Like many things in life, all that changed in 2020. The next race is not the Gold Coast 600; in fact, there is no next race at all. The Bathurst 1000 is the final race of the season. And teams, rivals even, might just stay together for one more day, to celebrate getting through the toughest motorsport season ever seen in Australia.

Just getting to Bathurst, or anywhere else for that matter, has been a near-miracle. Like many — most? — championships around the world, a changing calendar in a fast-moving world has created pressures that the sport has never felt before.

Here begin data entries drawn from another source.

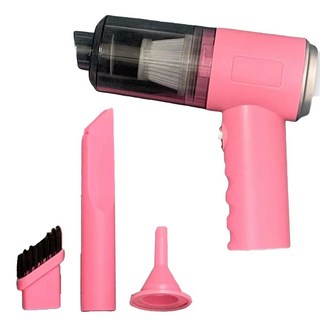 무선 차량용 흡입기 USB 충전 강력한 흡입력 휴대용 미니 및 가전제품 공기청정기, Vacuum cleaner PINK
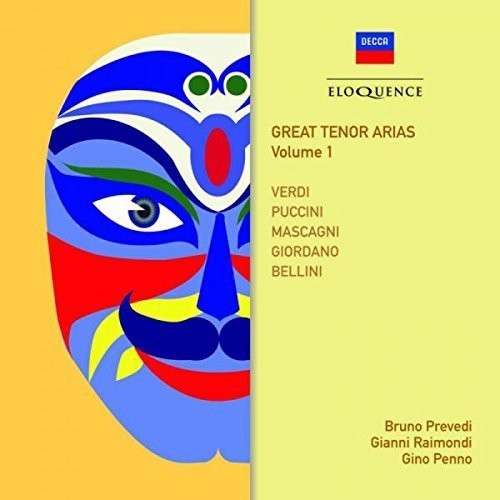 Prevedi, Bruno / Raimondi, Gianni / Penno, Gino Great Tenor Arias 1 - CD Album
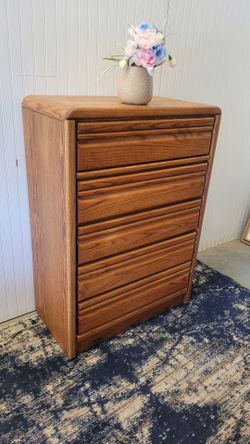 WOODEN TALL DRESSER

Back-to-back races are rare in Supercars. This year they have been three of them; in Darwin (at the Hidden Valley circuit), Townsville (at the street circuit) and at The Bend in South Australia. At those tracks, and at Sydney Motorsport Park in New South Wales, variations in track layout and tire spec has at least added some variation to the racing, and there have been more first-time winners of sprint races than seen in previous years.

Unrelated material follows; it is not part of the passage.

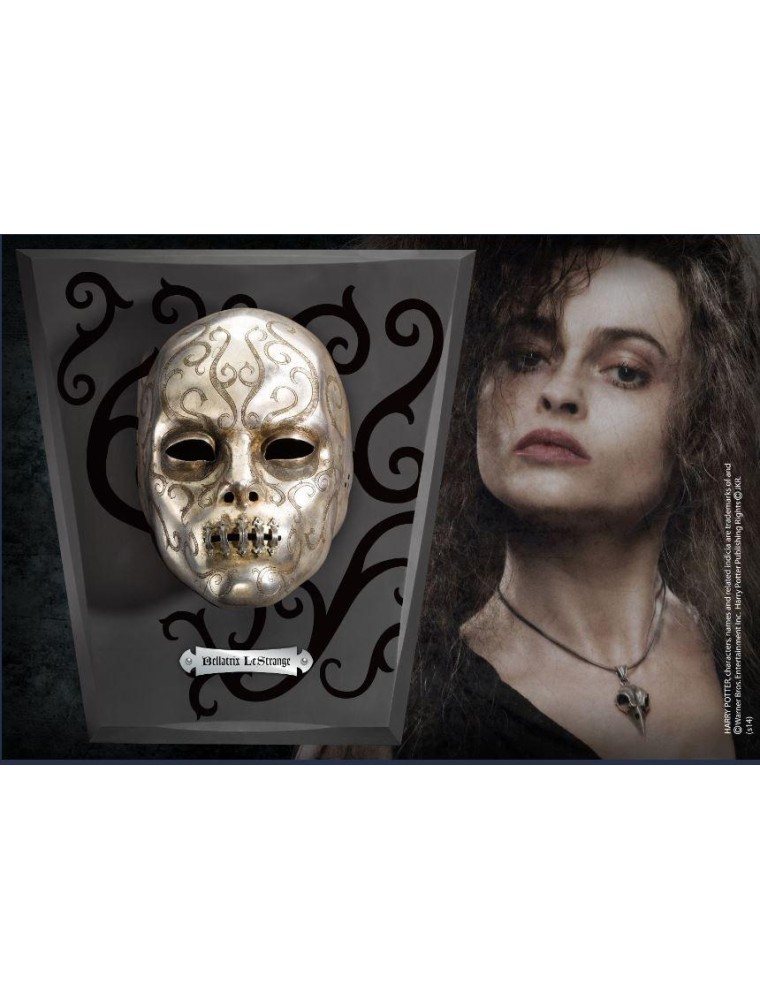 Harry Potter Maschera Mangiamorte Bellatrix Lestrange Inossidabile Noble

But that has not been the biggest challenge faced by Supercars. That came away from the tracks, on July 6, the day that Daniel Andrews, the Premier of the state of Victoria in Australia’s south, announced that the borders with other states would close — at midnight.

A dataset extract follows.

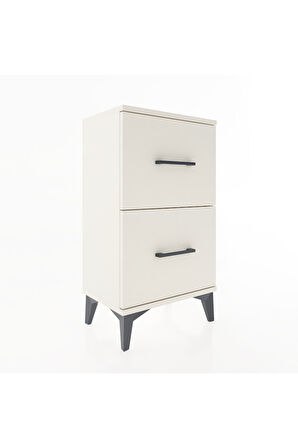 Arges Komodin Tek Raflı 2 Çekmeceli 44x30x80 Aytaşı-Aytaşı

Like all other racing teams around the world, Supercars’ on-track competition has required just as intense behind-the-scenes efforts just to get to put on a show. Dirk Klynsmith/Motorsport Images

With more than half Supercars’ grid based in Melbourne, teams had to scramble. Quickly they assembled at their HQs to determine what, and who, was needed to keep racing. Some team members could not make the trip for family reasons. Most did. The question would be, for how long?

The answer, in many cases, was more than 100 days. As I write this, Melbourne is still effectively locked down. Travel is restricted to 5km (3 miles) from home; most retail outlets are shut.

But Supercars teams have remained on the road, with whatever they could grab in those few hours before making a 200-mile dash to the border. In the case of Erebus Motorsport’s David Reynolds, it was a few bags and his partner Tanny, who is expecting their first child in February. She had to figure out how to pack a computer workstation in their car, to be able to operate her business remotely from parts at that stage unknown.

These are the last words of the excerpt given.